Second clip attachment 1008 in this embodiment includes a second set of locking mechanisms 1010, a second set of tabs 1012, and a threaded section 1014. Similar to FIGS. 9A and 9B, second set of locking mechanisms 1010 are configured to secure second clip attachment 1008 within a hollow section of the foam member. When the user applies pressure to second set of tabs 1012, second set of locking mechanisms 1010 is configured to release second clip attachment 1008 from the hollow section of the foam member. Threaded section 1014 is configured to securely connect first clip attachment 1002 and second clip attachment 1008 to collar 1016 to form stud 1000.

FIG. 11 illustrates a connector assembly 1100, according to an embodiment of the present invention. Connector assembly (or connector unit) 1100 includes two studs—a first stud 1102A and a second stud 1102B, and a collar 1104. This allows two foam members to connect to each other via connector assembly 1100 to extend the length of the foam members. In certain embodiments, multiple connector assemblies may be used to extend the foam members. Because the foam members may be configured to float in water, this connector assembly may be particularly useful in a pool, where a plurality of foam members may be connected together and used as lane markers.

FIGS. 12A and 12B illustrate a top view and a front view of a two-piece connector assembly 1200, according to an embodiment of the present invention. In this embodiment, two-piece connector assembly 1200 includes a first stud 1202 and a second stud 1208, each stud 1202, 1208 is configured to be inserted into a foam member. First stud 1202 may include a first set of tabs 1204 and a first set of locking mechanisms 1206, and second stud 1208 may include a second set of tabs 1210 and a second set of locking mechanisms 1212.

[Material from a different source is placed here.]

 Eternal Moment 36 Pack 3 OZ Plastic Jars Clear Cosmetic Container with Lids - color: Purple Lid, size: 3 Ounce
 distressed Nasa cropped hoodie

FIG. 13 illustrates a connector assembly system 1300, according to an embodiment of the present invention. In this embodiment, two foam members 1302, 1308 are connected to each other via a two-piece connector assembly. The connector assembly includes a first stud 1320 and a second stud 1330. First stud 1320 is connected to first foam member 1302 and second stud 1330 is connected to second foam member 1310.

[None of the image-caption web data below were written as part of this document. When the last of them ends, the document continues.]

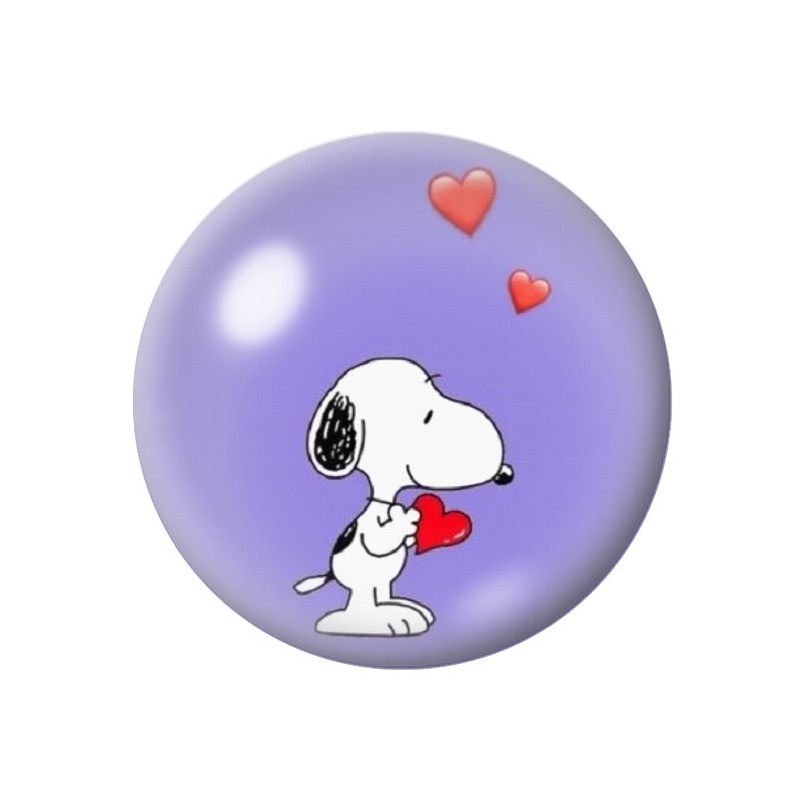 Cabochon en Verre Illustré Snoopy Coeurs Amour St Valentin 12 à 25mm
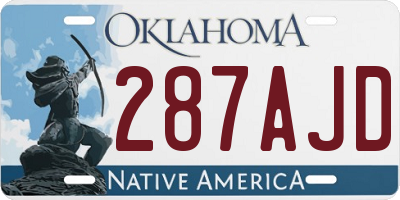 OK license plate 287AJD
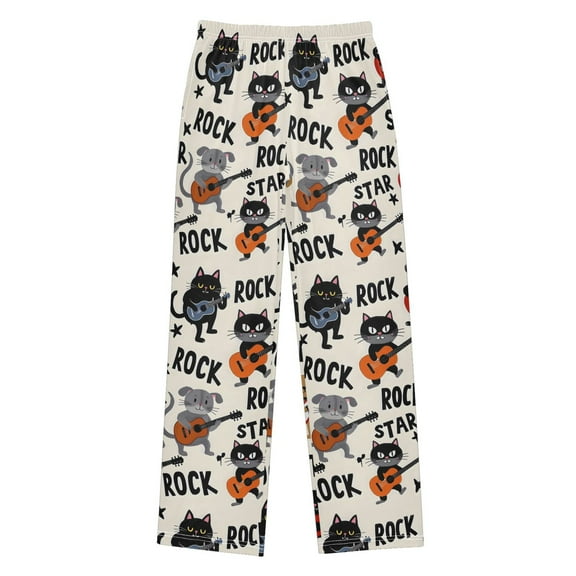 joogoo Guitar Cute Cat Pajama Pants Pj Bottoms Sleepwear Lounge L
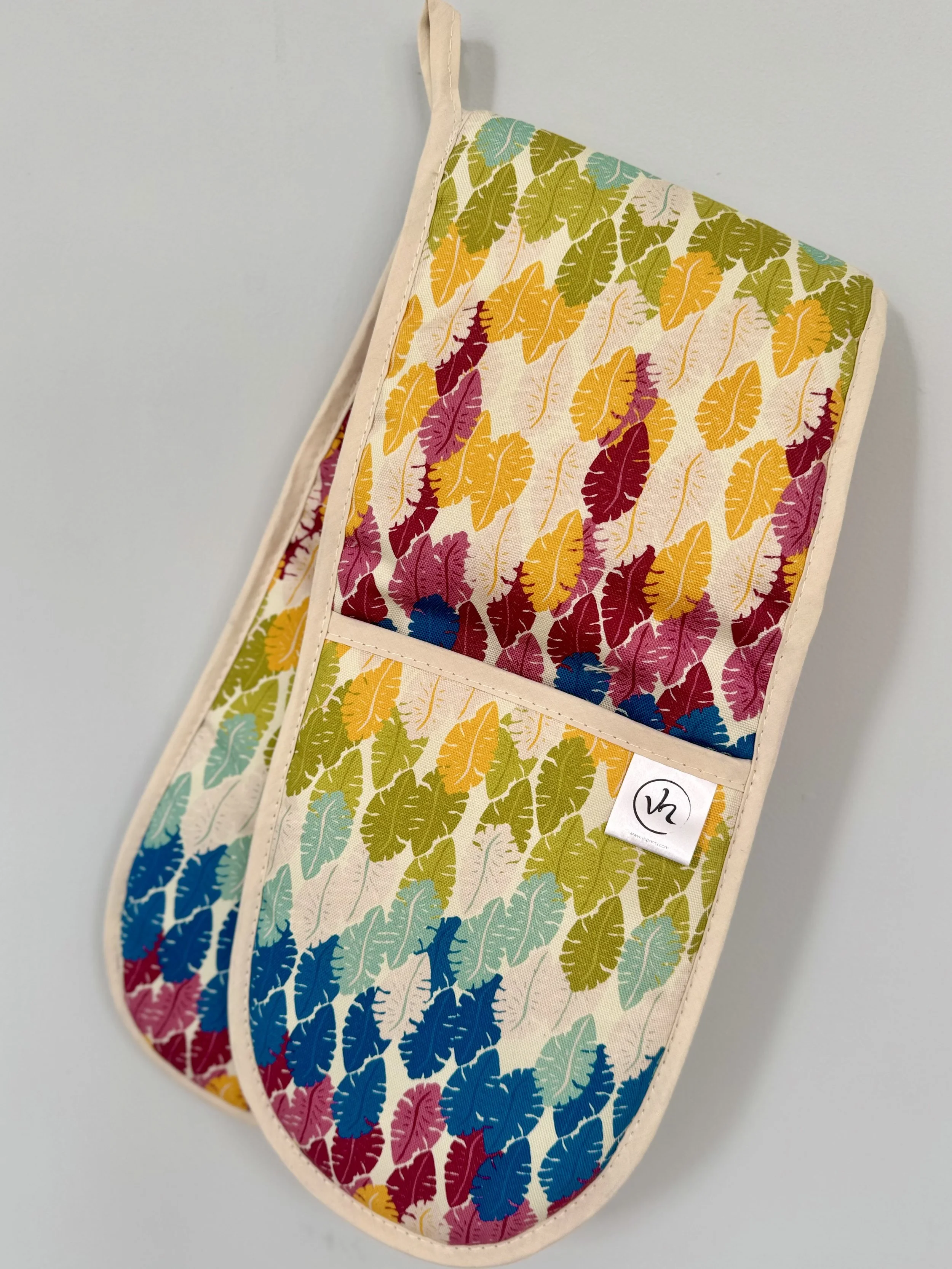 Organic Cotton Double Oven Gloves – Rainbow Falling Leaves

In order to secure first stud 1320 and second stud 1330 within hollow portions 1304, 1312 of foam members 1302, 1310, respectively, locking mechanisms 1324, 1334 are configured to slide into annular grooves 1308, 1316 when first stud 1320 and second stud 1330 are inserted into foam members 1302, 1310, respectively. To release first stud 1320 and second stud 1330, tabs 1322, 1332 may be pressed, causing locking mechanisms 1324, 1334 to slide out of annular grooves 1308, 1316.

One or more embodiments of the present invention pertain to a foam construction toy. The foam construction toy may include at least one node and a plurality of foam members configured to connect with the at least one node to form a structural element. A stud may be used to connect each of the plurality of foam members to the at least one node.

It will be readily understood that the components of the invention, as generally described and illustrated in the figures herein, may be arranged and designed in a wide variety of different configurations. Thus, the detailed description of the embodiments is not intended to limit the scope of the invention, but is merely representative of selected embodiments of the invention.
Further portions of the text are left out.